Some exciting developments for fans of Old Hollywood this week. For one thing, the venerable Egyptian Theater, where Cecil B. DeMille’s Ten Commandments premiered in 1923, is just about to emerge from a $500,000 renovation and restoration. For another, the Los Feliz compound that was the legendary filmmaker’s longtime family estate is also ready for its close-up, splashing onto the market with a $24.95-million price tag.
Occupying 2.1 acres in Los Feliz’s gated Laughlin Park, the DeMille estate contains three structures: a Beaux Arts mansion built in 1913, a pool house, and a studio.
According to public records, the sellers are writer Richard Grossman and art consultant Lisa Lyons—previous owners of such pedigreed properties as Castillo del Lago (they sold it to Madonna) and a 1927 Spanish by Roland Coate.
Per an October 2000 feature in Town & Country, the couple enlisted the architectural firm of Tichenor & Thorp to restore and update the six-bedroom, ten-bath house and its grounds—a process that took six years.
The estate popped up for sale in March of 2008 with an asking price of $26.25 million, which was about quadruple the highest price sale in the neighborhood at that time. Buyers were resistant, even after multiple price chops, and the property was delisted in 2009.

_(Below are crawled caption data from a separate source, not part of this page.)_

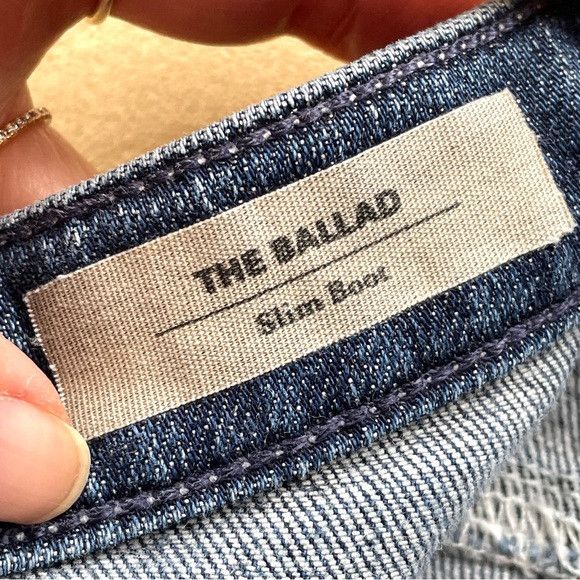 AG Adriano Goldschmied AG Jeans Dark Wash Ballad Slim Boot Cut Jeans - 32-34" Size 33" - 5 Thumbnail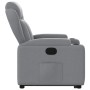 Sillón reclinable elevable de tela gris claro en Sillones | Comprar online en Foru.es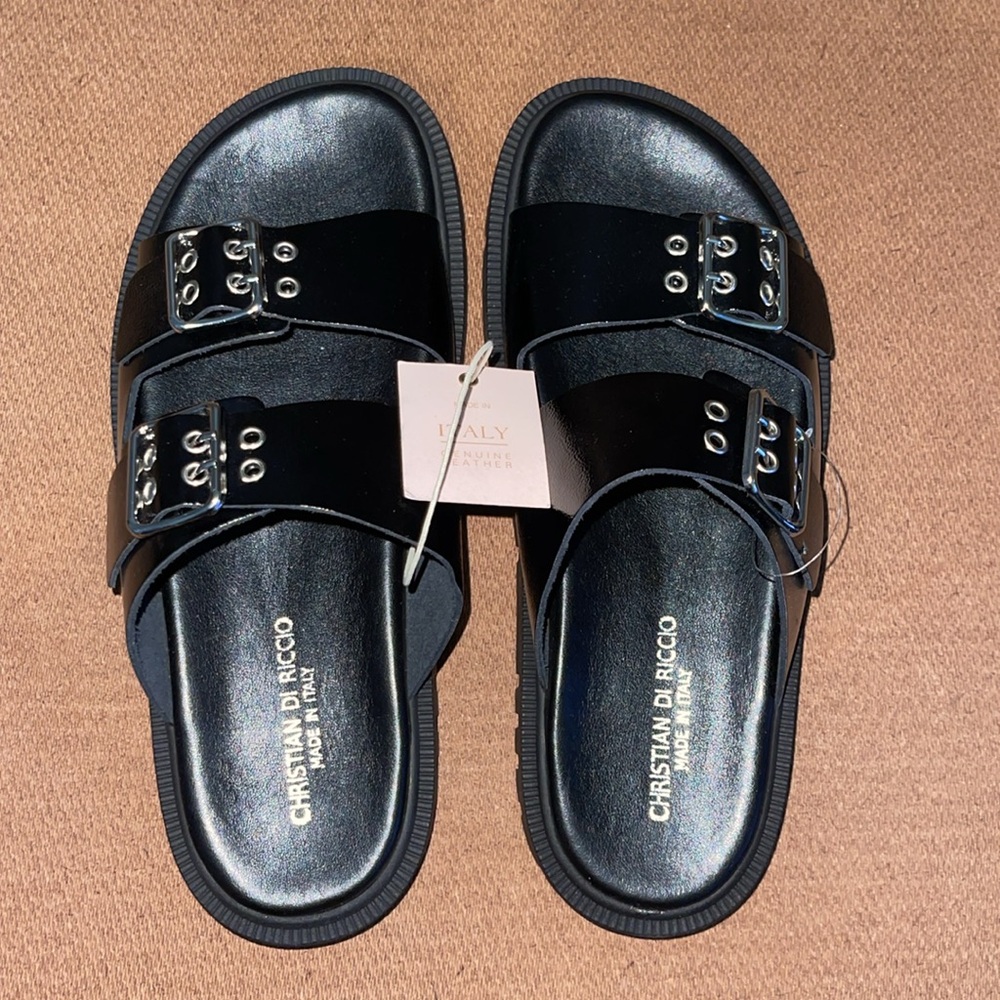 Christian Di Riccio black Sandals NWT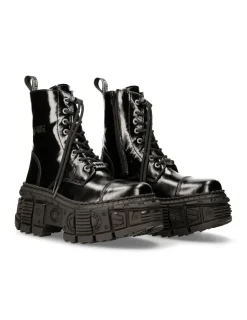 New Rock ANKLE BOOT BLACK TANK M-WALL126-S2 Sale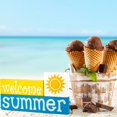 thumbnail image 4 of 3 Pieces Wooden Welcome Summer Blocks, Farmhouse Wood Welcome Summer Tiered Tray Decor, Rustic Sun Wooden Sign Table Decor for Summer Desk Shelf Window Tiered Tray, 4 of 7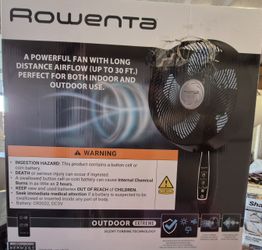 NEW Rowenta OutDoor Fansilent Turb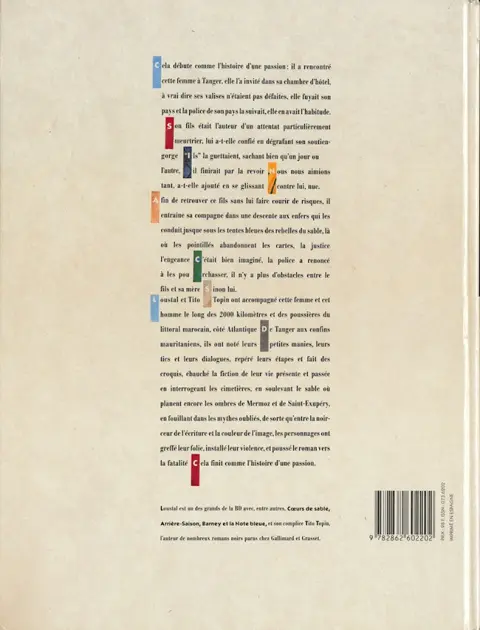 Verso de l'album V comme Engeance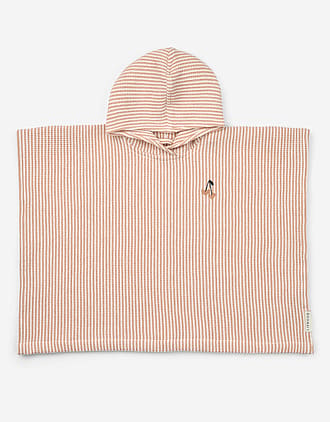 Badeponcho med Hette - Øk. Bomull Vaffelvevd | Paco Poncho Embroidery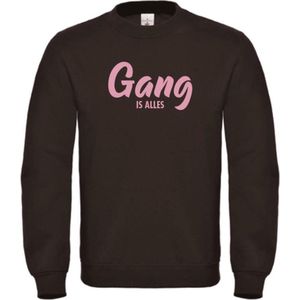 Gang is alles wintersport sweater zwart XXL - roze - soBAD. | Foute apres ski outfit | kleding | verkleedkleren | wintersporttruien | wintersport dames en heren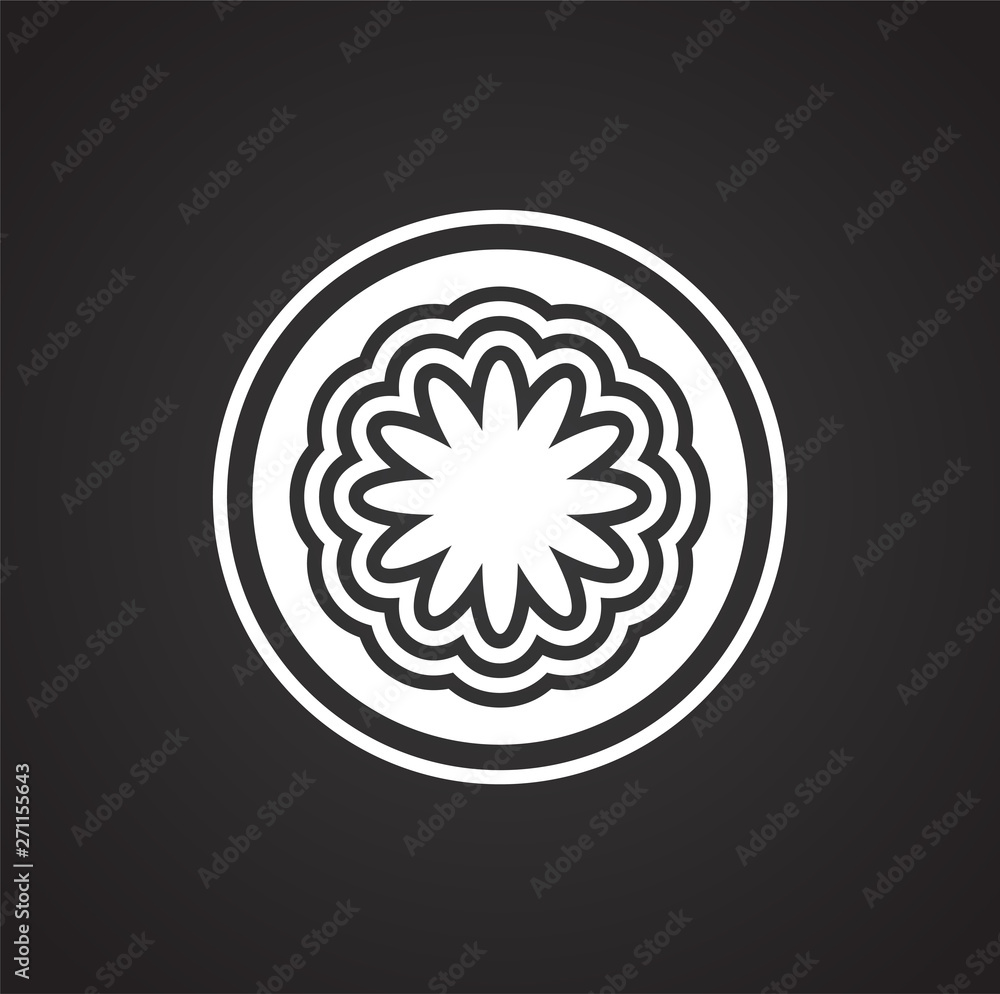 Poster coffe related icon on background for graphic and web design. simple illustration. internet concept s
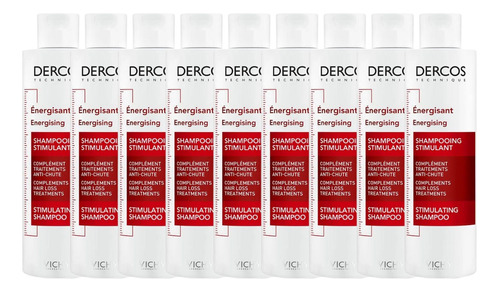 Combo X9 Dercos Shampoo Energizante Anticaída 200 Ml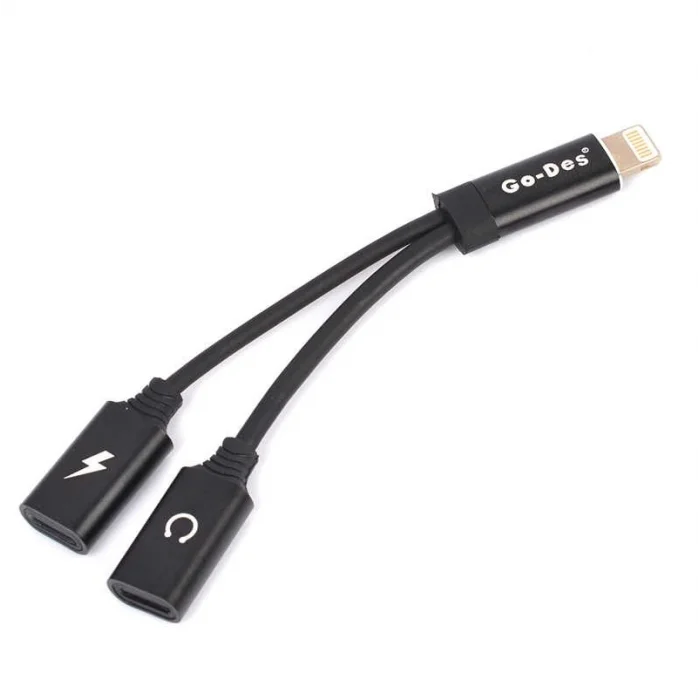 Go Des GD-UC11 Dual Lightning Şarj ve Ses Adaptörü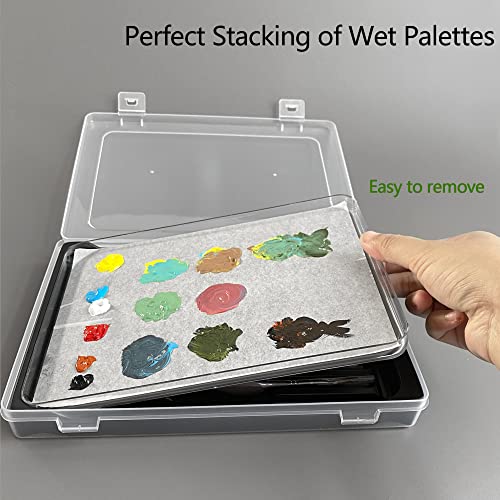 Wet Palette Wet Pallet for Miniatures Stay Wet Palette for Acrylic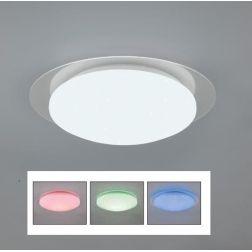 FRODENO PLAFONIERA D35 LED 12W TECNOLOGIA RGB IP44 CON TELECOMANDO EFFETTO STELLATO TRIO LIGHTING - Cristalensi Shop Online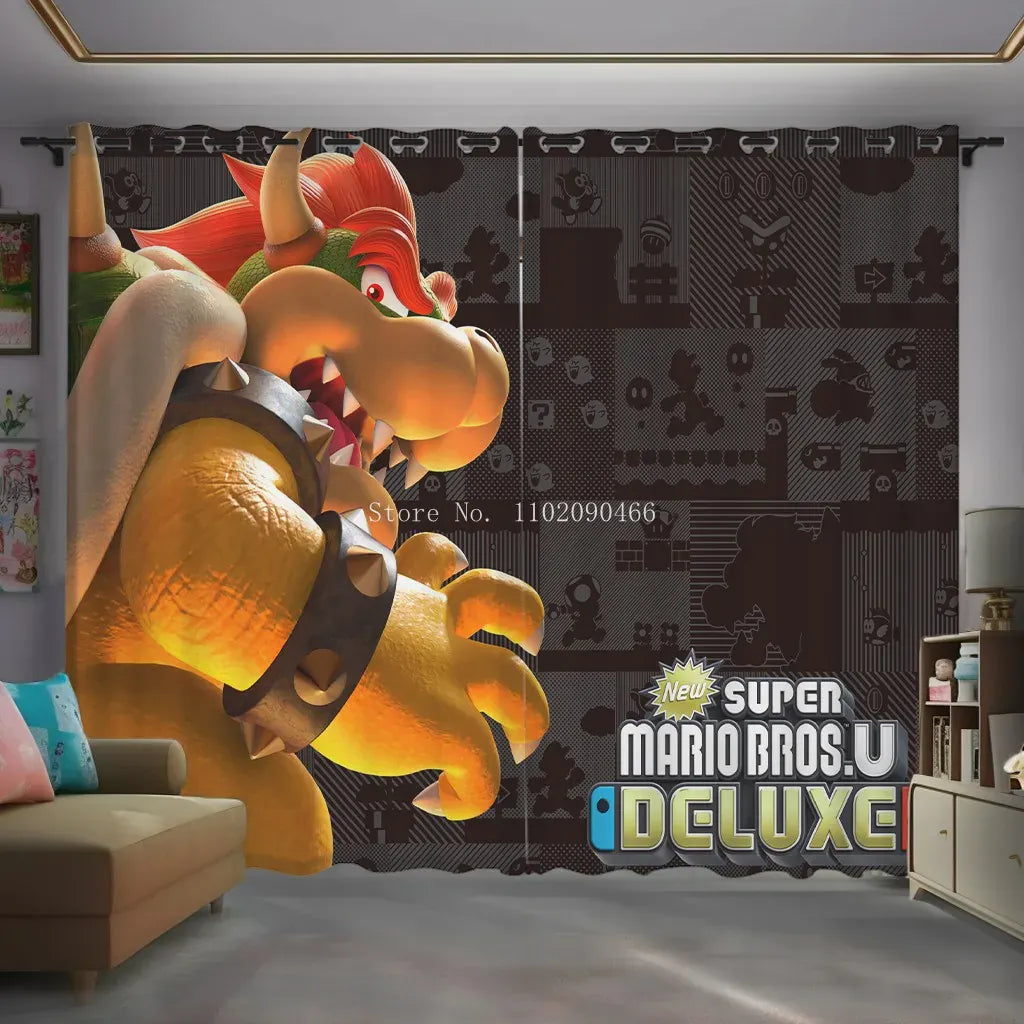 Rideau Mario - Bowser en Gros Plan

While L.A.’s real estate market has certainly heated up quite a bit since 2009, to date, the most ever paid for a property in Los Feliz is $11 million. That record was set in 2015, when heiress Lydia Hearst and comedian Chris Hardwick purchased the Paul Williams-designed Rossetti mansion. With an asking price of $24.95 million, the DeMille estate seems to be shooting for the stars.